The history of New Year’s resolutions dates back to the ancient Babylonians some 4,000 years ago. The Babylonians held the first-ever recorded celebration of honoring the new year with a big fete (no documentation of streamers or party hats). However, they held their New Year’s festivities in mid-March, not January.
Babylonians celebrated the New Year in mid-March to coincide with the annual spring planting since it was a literal time of rebirth. Shedding bad habits and adopting more pious ones was seen as pleasing to the gods. Breaking one’s word could incur their wrath.
Emperor Julius Caesar set the date for New Year’s as January 1st. This date for his new calendar coincided with the festival of Janus, a two-faced god who looked back toward the previous year and forward into the next year. Romans would honor Janus by making sacrifices and promising good behavior for the year ahead.
That promise, or resolve, for better behavior in the new year has lasted.

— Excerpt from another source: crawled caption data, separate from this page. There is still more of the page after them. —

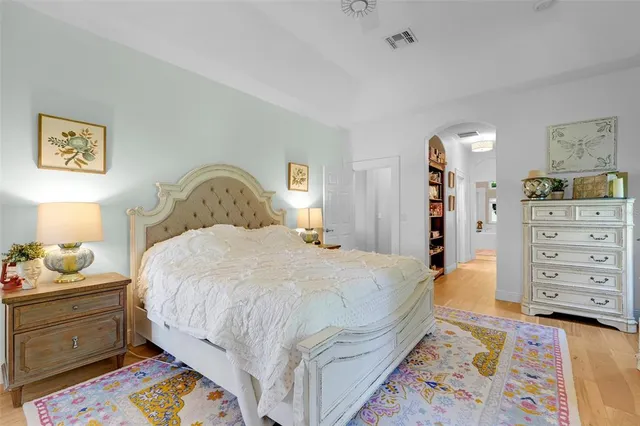 a view of a hallway with wooden floor and closet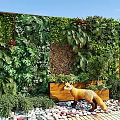 Vibrant Living Plant Wall with Lush Greenery Diverse Plants Wooden Planter Pebbles and Decorative Fox
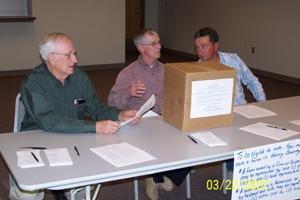 Judges collecting election ballots.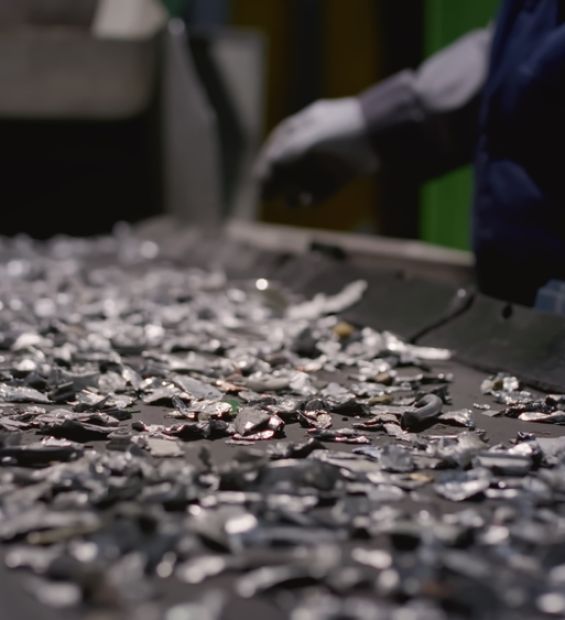 Worker,Sorts,Trash,On,Conveyor,Belt,At,Waste,Recycling,Plant.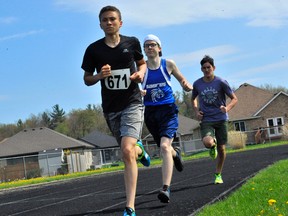 Lucas Jones of Holy Trinity paces Simcoe's Brody McKnight and Tanner Lammens of Valley Heights during Monday's NSSAA 3000m race at Holy Trinity. Jones and McKnight finished 1/2 in the senior division while Lammens was second in the junior event.
JACOB ROBINSON/Simcoe Reformer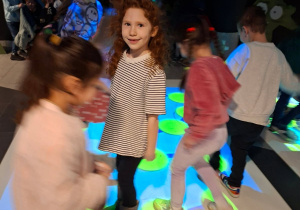 Zdjęcie przedstawia Mayę z grupy IV z koleżankami bawiące się na dywanie interaktywnym.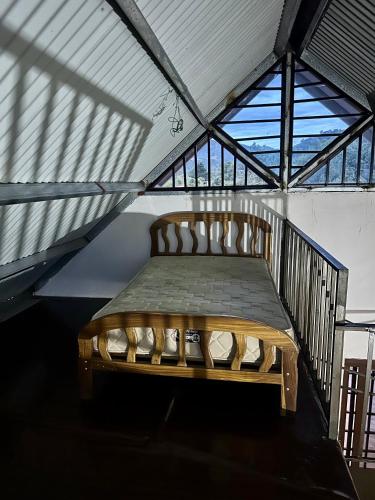 a bed in a room with a large window at Cabaña entre montañas in Paso Ancho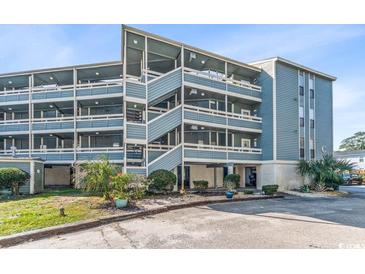 Multi-story building with balconies and parking at 1101 Possum Trot Rd. # C205, North Myrtle Beach, SC 29582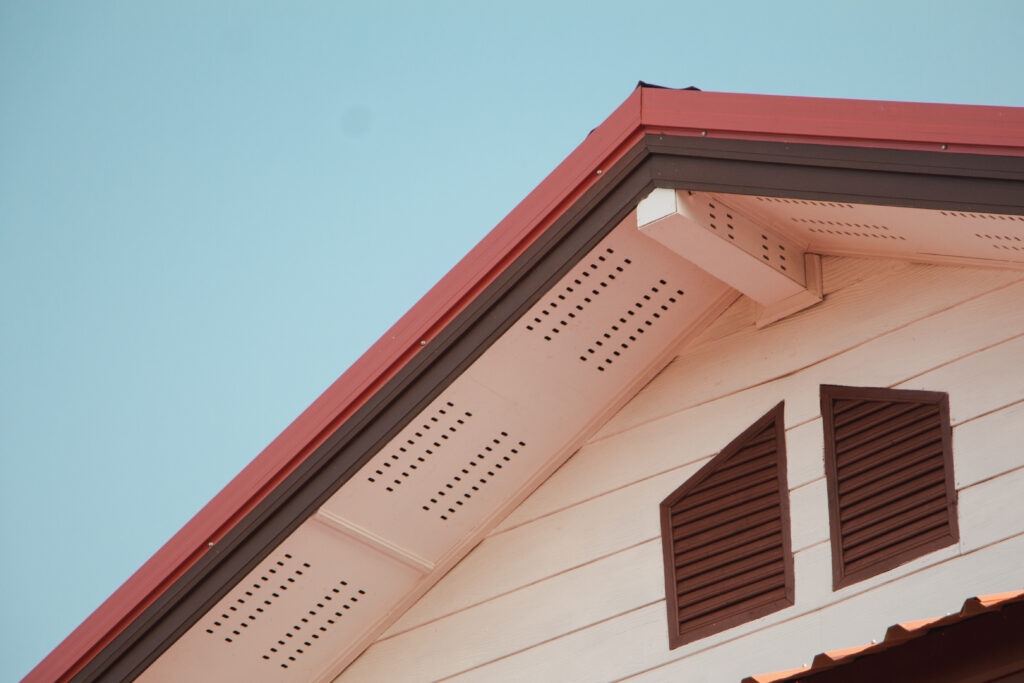 Types of Roof Vents - House roof and ceiling,with blue sky, ventilation on a house.
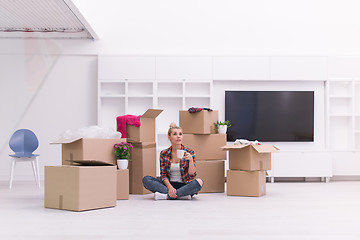 Image showing woman with many cardboard boxes sitting on floor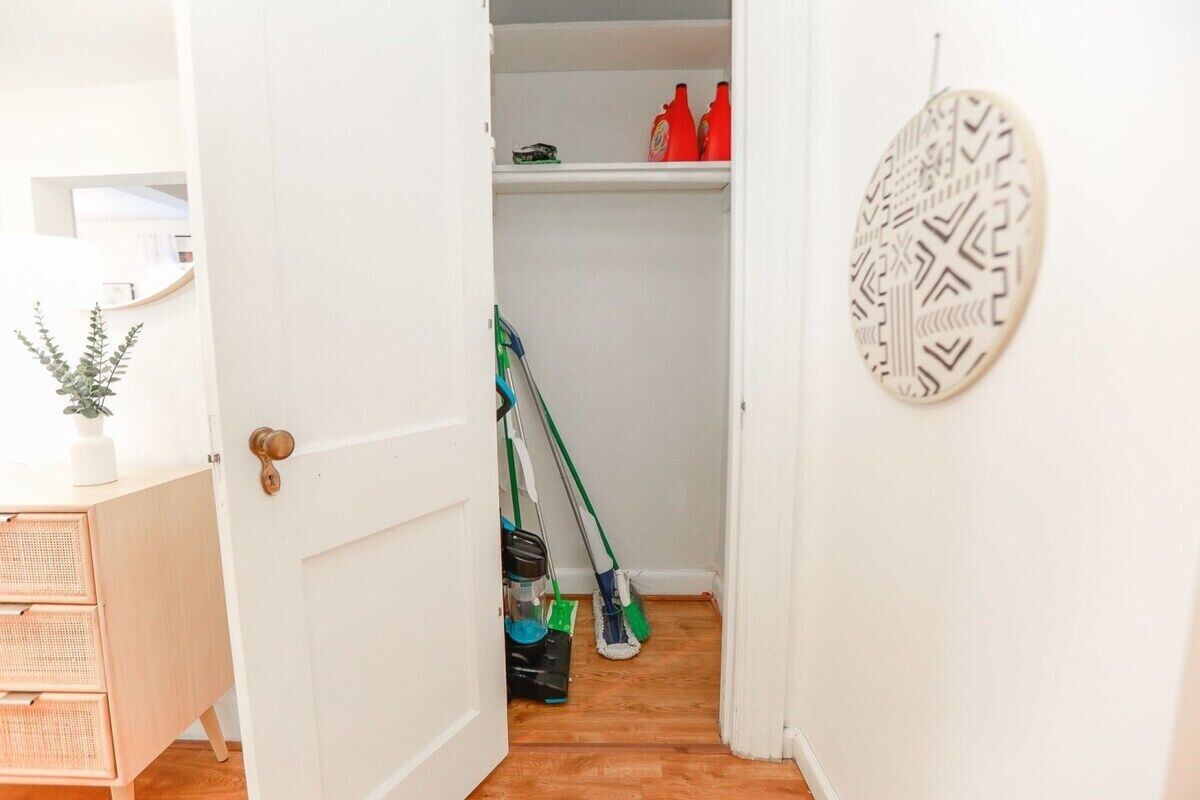Puerta blanca que da a un área de almacenamiento con productos de limpieza y un trapeador.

For centuries in Europe, the New Year marked a time for knights to renew their vows of chivalry and for Christians to promise more pious and charitable behavior.
And while New Year’s resolutions have religious roots, resolutions today are largely secular.
What Are Some Common New Year’s Resolutions?
Common New Year’s resolutions generally relate to personal health and well-being.
The most common New Year’s resolutions for Brits are:
- Exercise more.
- Lose weight.
- Eat healthier.
- Save more money.
- Take up a new hobby.
The most common New Year’s resolutions for Americans are:
- Exercise more.
- Eat healthier.
- Spend more time with loved ones.
- Lose weight.
- Save more money.
- Spend less time on social media.
- Improve job performance.
- Reduce job stress.
- Quit smoking.
- Cut down on alcohol.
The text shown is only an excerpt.